§ **ASSIGNED TASK**
Look below for the lines from the one with "Lavender Alpine Sunset" to the one with "塩﨑太智 生写真 サイン", and copy exactly those lines, both ends included.

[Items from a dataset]
□ □ □ □

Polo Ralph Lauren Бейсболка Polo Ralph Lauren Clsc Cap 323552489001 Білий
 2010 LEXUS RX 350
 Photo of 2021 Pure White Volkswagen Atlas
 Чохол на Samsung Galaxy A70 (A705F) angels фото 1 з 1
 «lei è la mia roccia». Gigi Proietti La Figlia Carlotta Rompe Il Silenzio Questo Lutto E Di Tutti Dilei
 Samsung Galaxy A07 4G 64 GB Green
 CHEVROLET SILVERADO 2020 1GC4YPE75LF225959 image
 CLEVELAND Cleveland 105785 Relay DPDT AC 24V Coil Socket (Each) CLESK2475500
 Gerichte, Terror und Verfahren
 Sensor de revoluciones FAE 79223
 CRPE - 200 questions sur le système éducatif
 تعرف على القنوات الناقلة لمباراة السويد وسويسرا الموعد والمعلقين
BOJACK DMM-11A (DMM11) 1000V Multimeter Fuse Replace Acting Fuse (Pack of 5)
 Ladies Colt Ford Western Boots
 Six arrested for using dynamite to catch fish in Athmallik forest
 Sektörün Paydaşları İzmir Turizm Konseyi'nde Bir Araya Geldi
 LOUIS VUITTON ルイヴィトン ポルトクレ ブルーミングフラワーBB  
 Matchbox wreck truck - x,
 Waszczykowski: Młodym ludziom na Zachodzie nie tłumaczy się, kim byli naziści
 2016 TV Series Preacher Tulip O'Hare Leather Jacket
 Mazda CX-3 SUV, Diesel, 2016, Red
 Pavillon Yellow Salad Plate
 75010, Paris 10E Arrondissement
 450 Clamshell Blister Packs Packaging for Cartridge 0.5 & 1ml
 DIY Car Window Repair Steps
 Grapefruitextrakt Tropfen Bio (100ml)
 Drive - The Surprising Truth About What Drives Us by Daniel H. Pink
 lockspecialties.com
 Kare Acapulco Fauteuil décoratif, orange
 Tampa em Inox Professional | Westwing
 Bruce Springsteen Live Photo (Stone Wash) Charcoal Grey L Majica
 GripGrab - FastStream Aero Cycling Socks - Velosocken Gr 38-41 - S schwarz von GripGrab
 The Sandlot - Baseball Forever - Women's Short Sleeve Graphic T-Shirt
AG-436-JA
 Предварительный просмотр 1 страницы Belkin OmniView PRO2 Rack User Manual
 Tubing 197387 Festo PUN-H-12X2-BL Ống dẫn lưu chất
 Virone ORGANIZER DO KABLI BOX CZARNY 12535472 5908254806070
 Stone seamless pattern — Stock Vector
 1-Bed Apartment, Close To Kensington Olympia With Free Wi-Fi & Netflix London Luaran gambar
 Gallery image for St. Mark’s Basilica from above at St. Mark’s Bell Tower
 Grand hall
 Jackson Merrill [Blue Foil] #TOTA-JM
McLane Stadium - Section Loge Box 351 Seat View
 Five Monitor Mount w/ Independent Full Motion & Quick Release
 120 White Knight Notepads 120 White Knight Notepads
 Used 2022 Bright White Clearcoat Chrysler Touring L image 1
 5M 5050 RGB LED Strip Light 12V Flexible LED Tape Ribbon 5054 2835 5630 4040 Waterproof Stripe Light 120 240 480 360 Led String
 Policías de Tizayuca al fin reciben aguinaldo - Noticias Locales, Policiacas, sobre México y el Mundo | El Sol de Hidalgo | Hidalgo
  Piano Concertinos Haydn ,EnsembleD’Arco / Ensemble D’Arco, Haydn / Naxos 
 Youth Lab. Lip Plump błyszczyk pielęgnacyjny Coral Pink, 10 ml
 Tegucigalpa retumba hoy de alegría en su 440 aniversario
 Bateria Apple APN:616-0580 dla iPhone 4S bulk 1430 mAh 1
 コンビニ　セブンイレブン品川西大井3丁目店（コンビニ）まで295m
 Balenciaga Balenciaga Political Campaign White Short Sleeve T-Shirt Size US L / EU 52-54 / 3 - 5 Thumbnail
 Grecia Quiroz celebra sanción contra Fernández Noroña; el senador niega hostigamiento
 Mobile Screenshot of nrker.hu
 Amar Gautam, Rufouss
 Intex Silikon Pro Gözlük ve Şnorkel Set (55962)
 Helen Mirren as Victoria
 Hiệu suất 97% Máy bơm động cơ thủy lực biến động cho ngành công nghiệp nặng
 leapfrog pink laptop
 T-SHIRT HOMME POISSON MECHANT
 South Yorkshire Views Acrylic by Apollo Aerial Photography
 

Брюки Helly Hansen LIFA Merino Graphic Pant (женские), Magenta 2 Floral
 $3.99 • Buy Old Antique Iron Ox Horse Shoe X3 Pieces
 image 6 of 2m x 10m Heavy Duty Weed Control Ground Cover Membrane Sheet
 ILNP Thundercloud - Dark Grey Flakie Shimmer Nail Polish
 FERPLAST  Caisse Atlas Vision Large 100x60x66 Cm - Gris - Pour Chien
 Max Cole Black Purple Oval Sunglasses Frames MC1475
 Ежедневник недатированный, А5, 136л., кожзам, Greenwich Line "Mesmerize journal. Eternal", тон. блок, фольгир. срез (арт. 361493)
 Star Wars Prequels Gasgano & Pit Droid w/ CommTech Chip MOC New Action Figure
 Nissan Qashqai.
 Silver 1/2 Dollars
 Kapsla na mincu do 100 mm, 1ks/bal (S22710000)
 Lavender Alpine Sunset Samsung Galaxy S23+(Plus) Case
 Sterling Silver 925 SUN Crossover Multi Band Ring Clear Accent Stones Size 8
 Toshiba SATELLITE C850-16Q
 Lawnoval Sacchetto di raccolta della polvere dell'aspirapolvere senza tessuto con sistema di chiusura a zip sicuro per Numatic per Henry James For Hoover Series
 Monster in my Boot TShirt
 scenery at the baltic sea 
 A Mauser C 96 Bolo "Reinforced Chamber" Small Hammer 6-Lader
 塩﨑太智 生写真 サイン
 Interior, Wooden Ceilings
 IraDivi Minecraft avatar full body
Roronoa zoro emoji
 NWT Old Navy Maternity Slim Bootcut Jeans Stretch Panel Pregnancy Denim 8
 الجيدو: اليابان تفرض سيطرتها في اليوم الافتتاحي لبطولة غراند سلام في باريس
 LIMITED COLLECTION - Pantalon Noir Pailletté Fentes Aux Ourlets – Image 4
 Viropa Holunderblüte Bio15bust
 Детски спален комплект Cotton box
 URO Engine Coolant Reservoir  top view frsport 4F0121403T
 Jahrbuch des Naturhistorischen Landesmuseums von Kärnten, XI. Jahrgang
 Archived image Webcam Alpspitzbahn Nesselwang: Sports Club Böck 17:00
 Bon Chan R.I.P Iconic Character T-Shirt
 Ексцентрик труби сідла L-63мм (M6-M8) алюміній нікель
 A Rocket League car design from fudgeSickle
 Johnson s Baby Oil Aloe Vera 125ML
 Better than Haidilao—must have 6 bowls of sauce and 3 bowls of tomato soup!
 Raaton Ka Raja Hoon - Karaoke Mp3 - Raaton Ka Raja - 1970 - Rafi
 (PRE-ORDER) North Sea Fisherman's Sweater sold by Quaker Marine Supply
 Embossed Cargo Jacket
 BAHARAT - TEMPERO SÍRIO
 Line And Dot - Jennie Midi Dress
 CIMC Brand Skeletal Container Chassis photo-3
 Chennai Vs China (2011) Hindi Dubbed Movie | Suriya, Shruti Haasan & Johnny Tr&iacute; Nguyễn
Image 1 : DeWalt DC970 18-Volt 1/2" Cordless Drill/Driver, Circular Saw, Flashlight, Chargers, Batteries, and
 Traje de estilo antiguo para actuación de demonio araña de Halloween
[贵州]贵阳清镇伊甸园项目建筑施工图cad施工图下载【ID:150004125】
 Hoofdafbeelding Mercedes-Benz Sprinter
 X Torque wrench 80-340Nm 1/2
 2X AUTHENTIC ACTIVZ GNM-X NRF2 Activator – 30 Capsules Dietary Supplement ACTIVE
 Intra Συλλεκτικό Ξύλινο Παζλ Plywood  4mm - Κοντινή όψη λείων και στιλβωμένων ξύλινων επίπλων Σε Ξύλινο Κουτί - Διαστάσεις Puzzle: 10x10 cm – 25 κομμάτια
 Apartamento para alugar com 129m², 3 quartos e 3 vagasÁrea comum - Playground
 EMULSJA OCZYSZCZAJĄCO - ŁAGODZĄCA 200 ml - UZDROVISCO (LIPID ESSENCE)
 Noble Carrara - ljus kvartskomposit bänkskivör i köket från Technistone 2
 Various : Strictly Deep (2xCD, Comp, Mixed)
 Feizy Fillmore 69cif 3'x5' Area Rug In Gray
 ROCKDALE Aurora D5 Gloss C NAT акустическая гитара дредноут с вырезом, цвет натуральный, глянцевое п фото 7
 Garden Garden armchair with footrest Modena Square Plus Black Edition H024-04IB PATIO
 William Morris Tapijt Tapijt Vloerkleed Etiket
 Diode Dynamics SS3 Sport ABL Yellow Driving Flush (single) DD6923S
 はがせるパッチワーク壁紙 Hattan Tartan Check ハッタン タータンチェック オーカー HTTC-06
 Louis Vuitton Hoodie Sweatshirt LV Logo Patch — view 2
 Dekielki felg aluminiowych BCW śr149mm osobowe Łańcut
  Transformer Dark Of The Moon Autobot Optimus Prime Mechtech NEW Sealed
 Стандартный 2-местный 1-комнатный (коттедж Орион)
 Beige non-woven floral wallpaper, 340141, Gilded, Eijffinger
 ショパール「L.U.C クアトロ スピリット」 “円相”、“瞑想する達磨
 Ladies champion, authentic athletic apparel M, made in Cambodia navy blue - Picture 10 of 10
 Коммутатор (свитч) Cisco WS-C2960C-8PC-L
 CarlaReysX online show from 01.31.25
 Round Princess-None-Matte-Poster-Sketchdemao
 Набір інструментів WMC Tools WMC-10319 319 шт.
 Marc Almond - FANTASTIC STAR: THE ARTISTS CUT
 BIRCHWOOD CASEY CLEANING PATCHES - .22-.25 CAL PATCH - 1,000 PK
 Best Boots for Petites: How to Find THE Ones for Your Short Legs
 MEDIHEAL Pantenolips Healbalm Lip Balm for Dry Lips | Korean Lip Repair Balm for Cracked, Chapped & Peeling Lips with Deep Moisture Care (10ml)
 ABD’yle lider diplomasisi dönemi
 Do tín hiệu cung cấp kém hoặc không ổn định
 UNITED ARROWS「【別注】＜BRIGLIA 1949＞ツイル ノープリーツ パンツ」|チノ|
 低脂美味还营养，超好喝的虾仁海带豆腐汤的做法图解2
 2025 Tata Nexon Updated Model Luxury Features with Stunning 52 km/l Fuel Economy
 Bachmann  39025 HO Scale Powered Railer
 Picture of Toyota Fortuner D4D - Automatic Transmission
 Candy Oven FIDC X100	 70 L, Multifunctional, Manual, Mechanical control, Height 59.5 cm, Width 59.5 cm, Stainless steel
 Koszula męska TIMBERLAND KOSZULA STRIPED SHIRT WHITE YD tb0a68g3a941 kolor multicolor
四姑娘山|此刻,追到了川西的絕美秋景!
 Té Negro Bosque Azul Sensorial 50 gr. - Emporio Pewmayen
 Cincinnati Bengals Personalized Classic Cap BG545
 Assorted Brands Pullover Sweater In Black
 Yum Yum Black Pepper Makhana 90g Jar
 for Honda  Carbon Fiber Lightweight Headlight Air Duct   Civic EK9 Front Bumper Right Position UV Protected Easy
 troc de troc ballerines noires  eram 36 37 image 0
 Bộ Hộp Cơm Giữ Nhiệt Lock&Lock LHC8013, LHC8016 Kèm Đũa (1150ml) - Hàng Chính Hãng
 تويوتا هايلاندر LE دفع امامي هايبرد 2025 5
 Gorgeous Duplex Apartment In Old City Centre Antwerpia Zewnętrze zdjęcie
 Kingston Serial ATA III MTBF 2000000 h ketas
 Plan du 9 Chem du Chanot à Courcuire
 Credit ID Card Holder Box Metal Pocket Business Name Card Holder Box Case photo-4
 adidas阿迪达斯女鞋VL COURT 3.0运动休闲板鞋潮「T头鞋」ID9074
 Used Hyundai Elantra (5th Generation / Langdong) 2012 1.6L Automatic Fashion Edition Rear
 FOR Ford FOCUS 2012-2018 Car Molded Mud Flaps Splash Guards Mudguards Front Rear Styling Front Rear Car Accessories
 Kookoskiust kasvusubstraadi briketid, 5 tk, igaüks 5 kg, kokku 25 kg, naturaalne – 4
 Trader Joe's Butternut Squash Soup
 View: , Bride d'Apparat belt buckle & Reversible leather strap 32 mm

□ □ □ □

§ **RESULT BELOW**
 Lavender Alpine Sunset Samsung Galaxy S23+(Plus) Case
 Sterling Silver 925 SUN Crossover Multi Band Ring Clear Accent Stones Size 8
 Toshiba SATELLITE C850-16Q
 Lawnoval Sacchetto di raccolta della polvere dell'aspirapolvere senza tessuto con sistema di chiusura a zip sicuro per Numatic per Henry James For Hoover Series
 Monster in my Boot TShirt
 scenery at the baltic sea 
 A Mauser C 96 Bolo "Reinforced Chamber" Small Hammer 6-Lader
 塩﨑太智 生写真 サイン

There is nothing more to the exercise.